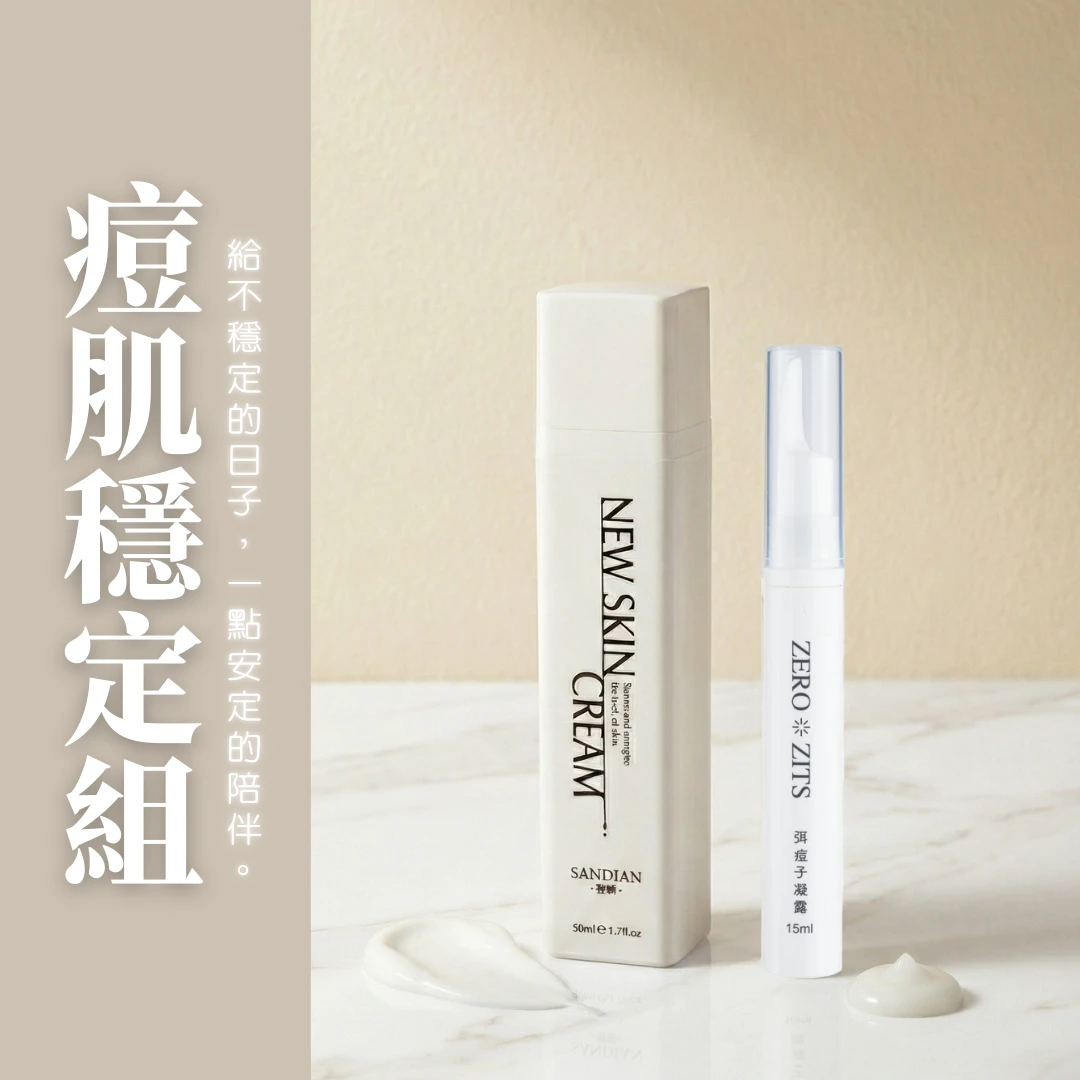 痘肌穩定組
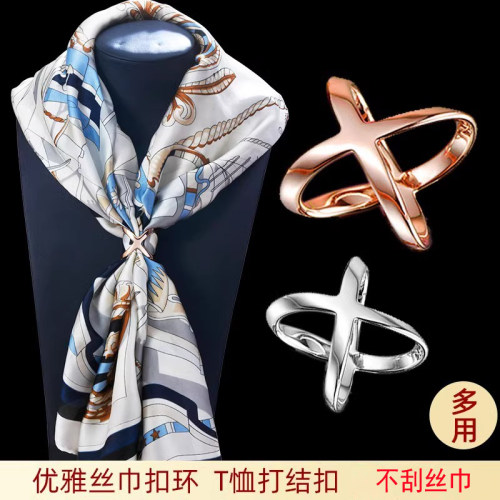 百搭简约丝巾扣不勾丝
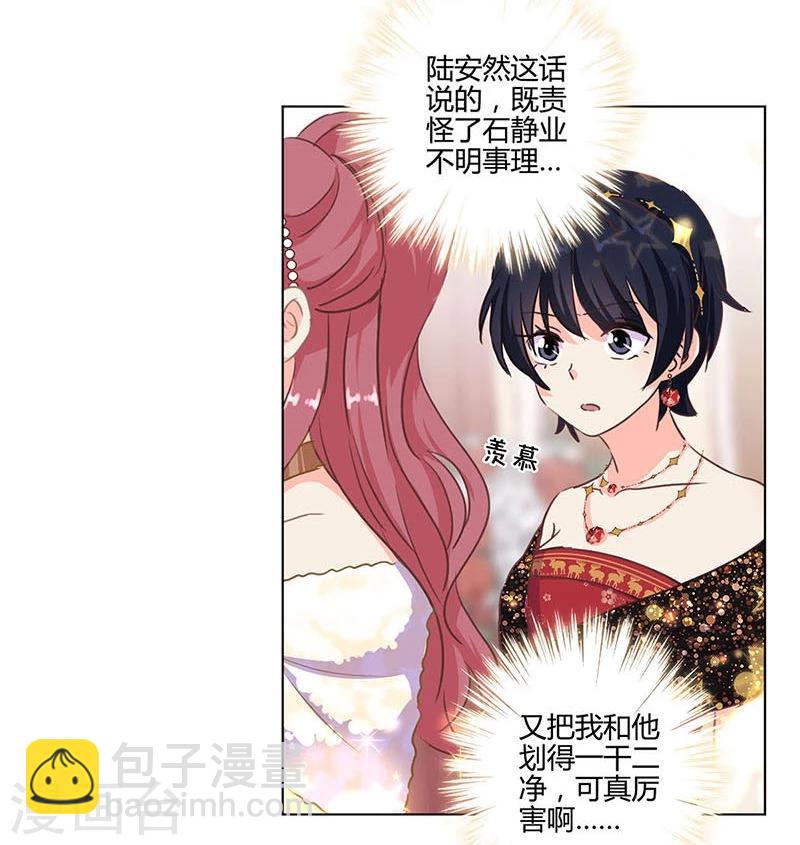 第171话-第176话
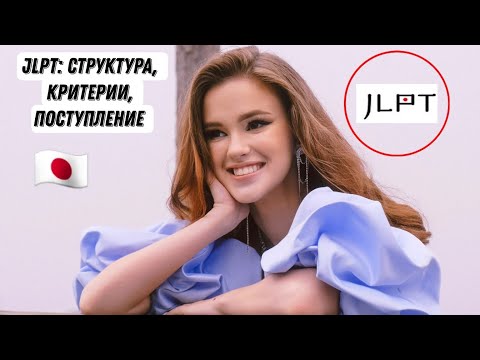 Видео: СНОВА ПОСТУПАЕМ В ЯПОНИЮ | JLPT | 日本語能力試験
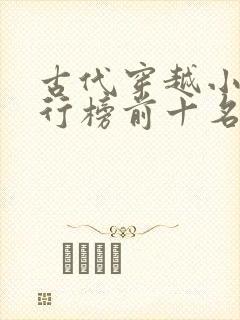 古代穿越小说排行榜前十名完结篇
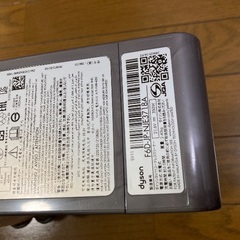ダイソン　コードレス　掃除機の画像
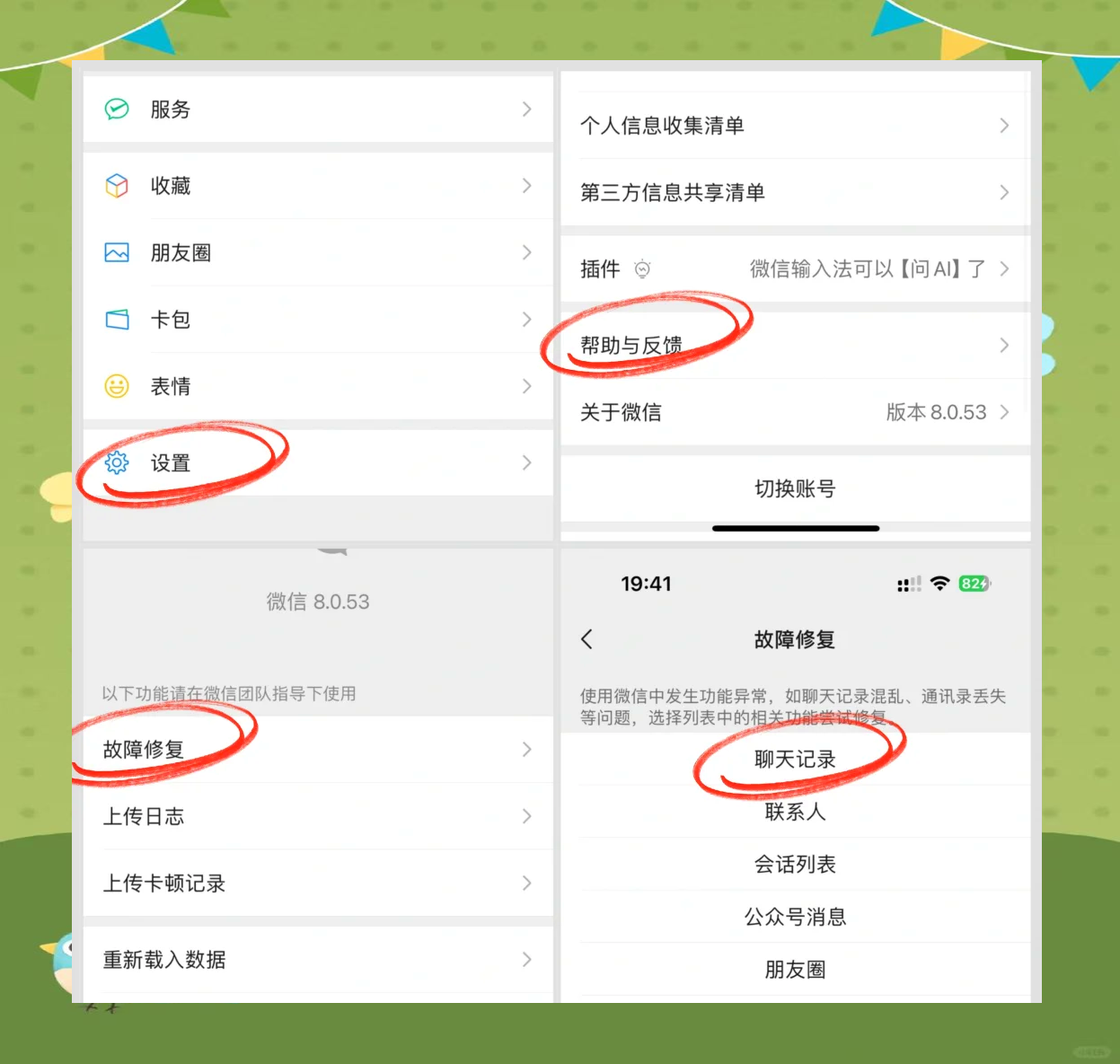 Android微信撤回消息如何恢复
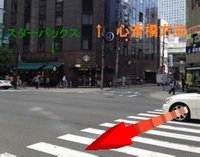 駅からお店までの道のり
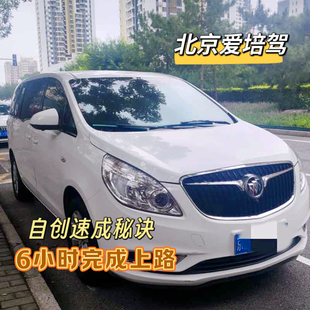 北京陪练教练一对一上门接送教学速成新手上路汽车培训学车自动档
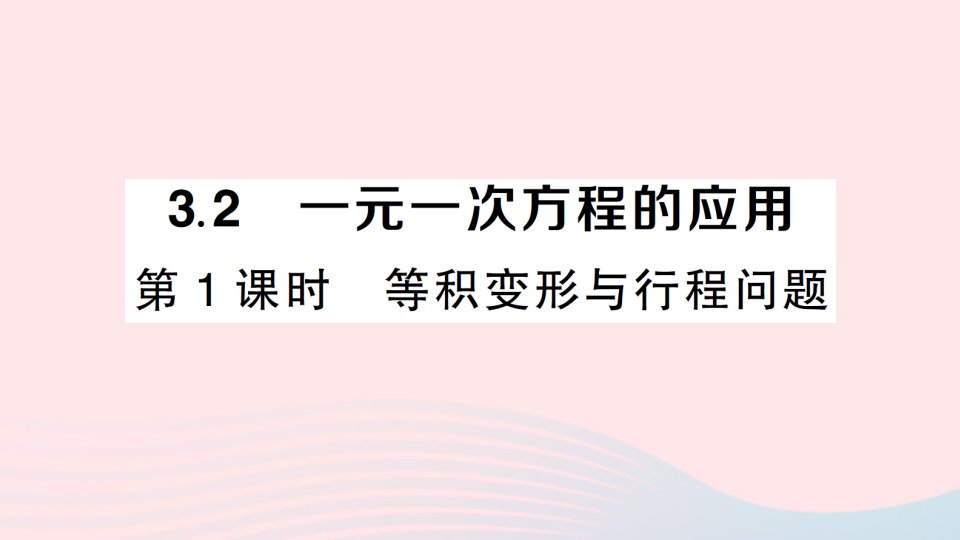 2023七年级数学上册第3章一次方程与方程组3.2一元一次方程的应用第1课时等积变形与行程问题作业课件新版沪科版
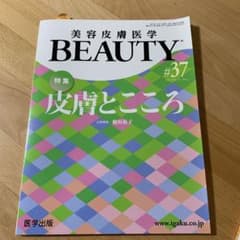 美容皮膚医学　BEAUTY#37のサムネイル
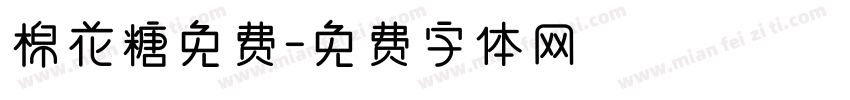 棉花糖免费字体转换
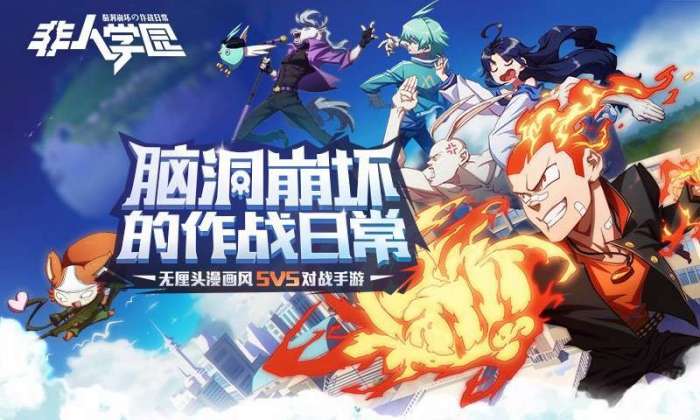 非人学园体验服图2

# WHAT THE TASK ASKS
Exclude every picture, then return precisely the lines that run from the line containing "古代穿越小说排行榜前十名完结篇" through the end of the entries above.

# WRITTEN SOLUTION
 古代穿越小说排行榜前十名完结篇
ダイソン　コードレス　掃除機の画像
 Android微信撤回消息如何恢复
 駅からお店までの道のり
 北京陪练教练一对一上门接送教学速成新手上路汽车培训学车自动档
 2023七年级数学上册第3章一次方程与方程组3.2一元一次方程的应用第1课时等积变形与行程问题作业课件新版沪科版
 美容皮膚医学　BEAUTY#37のサムネイル
 棉花糖免费字体转换
 非人学园体验服图2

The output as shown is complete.